Parentheses, quotation marks or not, romanisations are italicised by default in text, whenever they assume an auxiliary function to the script forms.

When we flip through Wehr, Steingass, Oxford, Monier-Williams, Jaschke, etc., they are full of examples of romanisations after headwords, in parentheses, in quotation marks, on their own, whatever, but all romanisations are italic, regardless of the environment the romanisations are found in after the headwords. On a quick glance, there were 10 romanisations in parentheses on the Wehr page I gave before alone. This simultaneous consistency of formatting romanisations as italic in reference works is what we have failed to appreciate so far in our infrastructure. And, this standard practice in reference works is supported by good rationales which are very relevant to us too.
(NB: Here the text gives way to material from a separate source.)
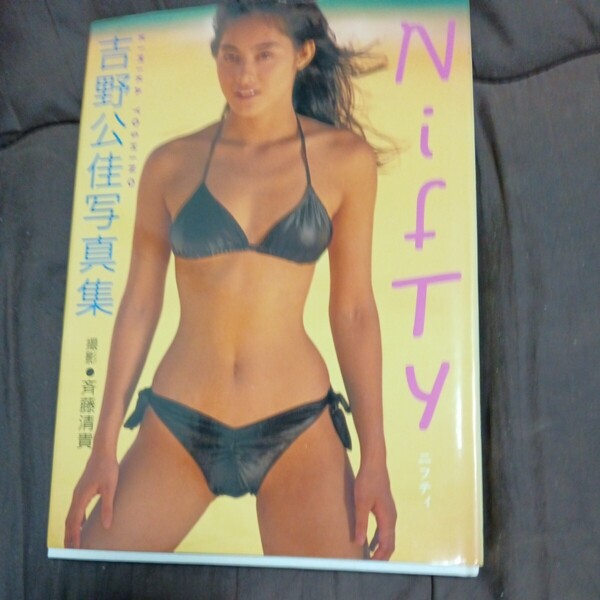 サイン入 吉野公佳写真集 NIFTY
Wyang (talk) 03:50, 17 March 2018 (UTC)
@Wyang, don't be patronizing. I doesn't help your argument. I saw your links and understand the issue. I disagree and my points are above. I don't want to get into it with you any further. --Victar (talk) 04:10, 17 March 2018 (UTC)
@Victar: Sorry if you found it patronizing. The discussion is directed towards the arguments, and none towards the people. Your points were: (1) that reference works adopt italicity out of functional necessity and that such necessity is nonexistent when romanisations are enclosed in parentheses, which is incorrect as the italicity was a universal stylistic preference in lexicography as shown above, independent of text environment; (2) that italicity brings about a reduced legibility, also unsupported by our routine italicisation of Latin-script terms, many of which are no less diacritics-heavy. This is not a personal preference vote; it is a site-wide style format change which must be carefully deliberated on, and I unfortunately did not find the arguments above sufficiently reasoning-robust to balance the overwhelming evidence of a standard practice of italicisation in reference works. Wyang (talk) 04:56, 17 March 2018 (UTC)
Symbol support vote.svg Support --Anatoli T. (обсудить/вклад) 02:57, 17 March 2018 (UTC)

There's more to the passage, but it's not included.